6. Costruire più lavoro per le donne (e abbattere gli stereotipi) Non riporteremo qui le percentuali di accesso al lavoro delle donne, che rimangono in media più o molto più basse rispetto a quelle degli uomini. Decisamente significativa è la quota di stereotipi che le tengono lontane dall’occupazione. Per esempio, una survey internazionale riporta che 1 persona su 3 crede che gli uomini dovrebbero avere più diritto al lavoro rispetto alle donne quando i posti di lavoro sono scarsi. E il luogo dove si vive conta. A pensarlo è il 20% della popolazione in Europa occidentale e Nord America, ma il 70% degli uomini e il 57% delle donne negli Stati arabi.
7. Migliorare la mobilità intergenerazionale Si tratta del processo grazie al quale il tenore di vita di una generazione diventa superiore a quello dei genitori. Nelle società caratterizzate da bassa mobilità intergenerazionale, il talento rimane inutilizzato, con possibili alti costi per l’economia e la società, soprattutto in tempi di crisi. In particolare, il dossier Unesco sostiene che offrire opportunità di istruzione alle donne e superare gli stereotipi di genere che le limitano alle attività domestiche e di cura può portare a una riduzione maggiore e più rapida del numero dei poveri, in particolare nelle economie a basso reddito.
8. Potenziare le abilità utili a fronteggiare i cambiamenti climatici Visto l’impatto del cambiamento climatico, la società resiliente richiede di dotare chiunque, ma soprattutto ragazze e donne, delle competenze necessarie per affrontare le minacce del clima. Con l’aumento del rischio di inondazioni ed eventi meteorologici estremi, la capacità di nuotare è fondamentale per garantire che le ragazze e le donne siano al sicuro, così come i loro figli. In tutto il mondo, donne e uomini mostrano diverse capacità di muoversi in acqua in sicurezza, indipendentemente dalla regione considerata: in media, il 40% delle donne dichiara di essere in grado di nuotare rispetto al 66% degli uomini.
9. Condividere con gli uomini il lavoro di cura familiare Cucinare, pulire la casa, accudire i bambini è un lavoro non retribuito il cui valore è stimato dal 10% al 39% del PIL globale. Tale lavoro occupa in media quattro ore della giornata di una donna, un’ora e mezza di quella di un uomo. Le conseguenze di questa squilibrata divisione dei compiti domestici procura alle donne ingenti problemi sul piano occupazionale: e infatti, nei Paesi dove le donne lavorano in casa per la famiglia sino a due ore in più al giorno rispetto ai loro partner l’occupazione femminile si attesta intorno al 50% e si riduce tra il 30% e il 40% quando dedicano alla cura 4 ore di più. E la mancata partecipazione delle donne al mercato del lavoro, che è tra le primarie cause di vulnerabilità, si traduce in importanti svantaggi pensionistici. In media, la pensione di una donna è inferiore del 26% rispetto a quella di un uomo: la misura del gap va dal minimo del 3% dell’Estonia al massimo del 42% in Messico.

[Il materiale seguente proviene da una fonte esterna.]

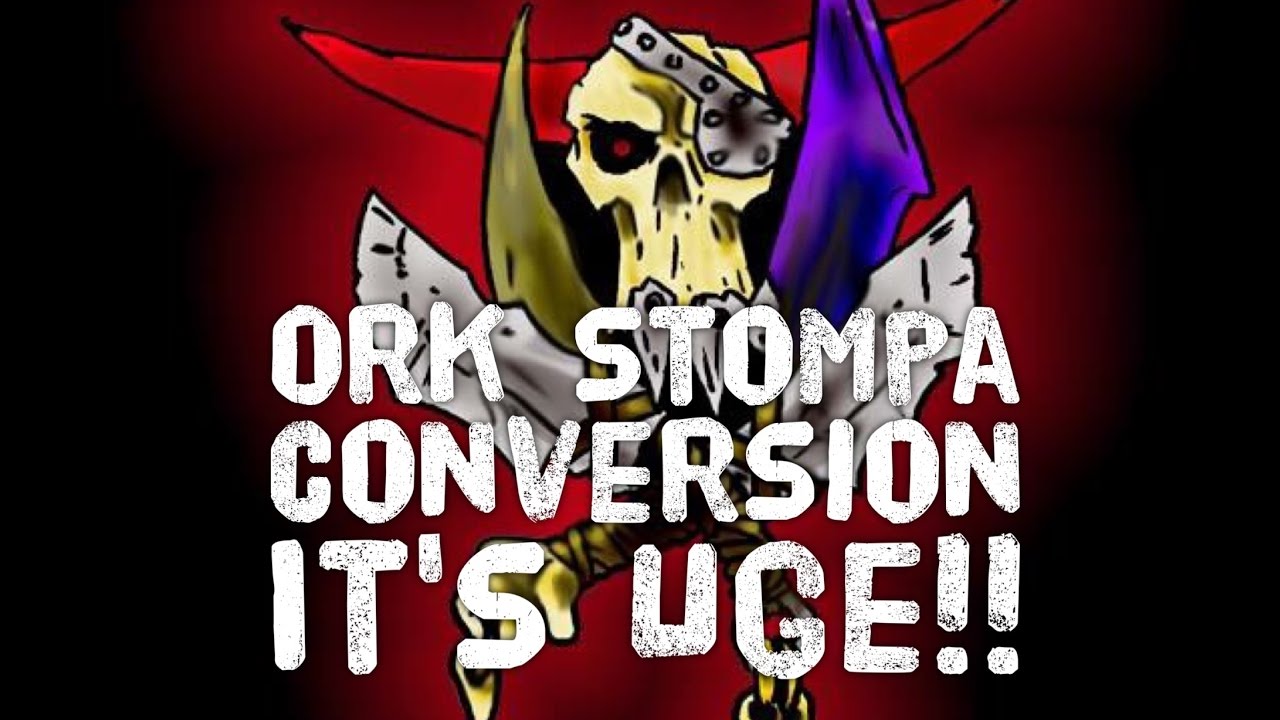 Ork Stompa conversion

10. Ridurre le gravidanze tra le adolescenti Promuovere la resilienza significa anche comprendere e affrontare dinamiche di vulnerabilità come le gravidanze delle adolescenti: c’è, infatti, una chiara correlazione tra avere bambini in età precoce e la probabilità che madri e figli siano vulnerabili e privi delle risorse e delle opportunità necessarie per migliorare economicamente e socialmente.
Le gravidanze degli adolescenti sono correlate alle disuguaglianze di genere e crescono mano a mano che cresce la disparità tra uomini e donne: un aumento del 10% delle gravidanze è associato a un aumento del 5% dell’indice di disuguaglianza di genere.